Vor diesem Hintergrund ist der vorinstanzliche Nichteintretensentscheid nicht zu beanstanden. Nachdem die Ausgleichskasse bereits die Verfügung vom 6. April 2006 erfolgreich an die Adresse Strasse X.________ gesandt hatte und der Beschwerdeführer namentlich auch in der Einsprache vom 28. April 2006 dieselbe Anschrift aufführte, bestand für die Verwaltung kein Anlass, an der Richtigkeit der vom Beschwerdeführer angegebenen Adresse zu zweifeln. Vielmehr hatte dieser bei bestehendem Prozessrechtsverhältnis sicherzustellen, dass der von der Ausgleichskasse zu erwartende Einspracheentscheid zugestellt werden konnte. Aus den Akten geht indessen hervor, dass der Beschwerdeführer in den Tagen vor dem 19. Mai 2006 (Datum des Eingangsstempels der Ausgleichskasse auf der retournierten Postsendung) unter der angegebenen Adresse nicht ermittelt werden konnte.
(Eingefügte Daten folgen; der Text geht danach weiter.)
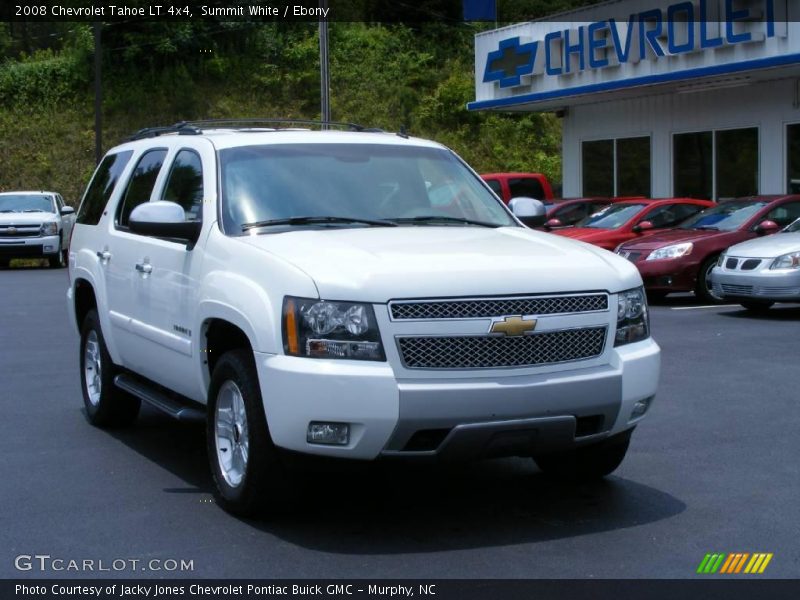 Summit White / Ebony 2008 Chevrolet Tahoe LT 4x4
Für die beschwerdeführerische Annahme, dass es sich dabei um einen Fehler der Post handeln müsse, bestehen keine konkrete Hinweise. Insbesondere führt der eingereichte Nachsendeauftrag vom 25. Januar 2006 nicht zu einem anderen Schluss, zumal dieser weitgehend unleserlich ist und daher nicht ersichtlich wird, ob er sich überhaupt auf die hier in Frage stehenden Adressorte bezieht. Schliesslich bleibt zu erwähnen, dass der Beschwerdeführer letztinstanzlich erstmals Erklärungen und Einwände zur Frage der verpassten Beschwerdefrist vorbringt, obwohl die Ausgleichskasse ihn bereits im Schreiben vom 20. Juli 2006 darauf aufmerksam gemacht hat, dass die Beschwerdefrist abgelaufen ist. Der Beschwerdeführer hätte unter diesen Umständen eine Wiederherstellung der Frist beantragen müssen (Art. 60 in Verbindung mit Art. 41 ATSG). Er hat stattdessen die Fristversäumnis (trotz ausdrücklicher Aufforderung) auch vor Vorinstanz mit keinem Wort angesprochen (Beschwerde vom 15. August 2006 und Eingabe vom 22. August 2006).
4.
Das Verfahren ist kostenpflichtig (Art. 134 OG e contrario). Der unterliegende Beschwerdeführer trägt die Kosten (Art. 156 Abs. 1 OG).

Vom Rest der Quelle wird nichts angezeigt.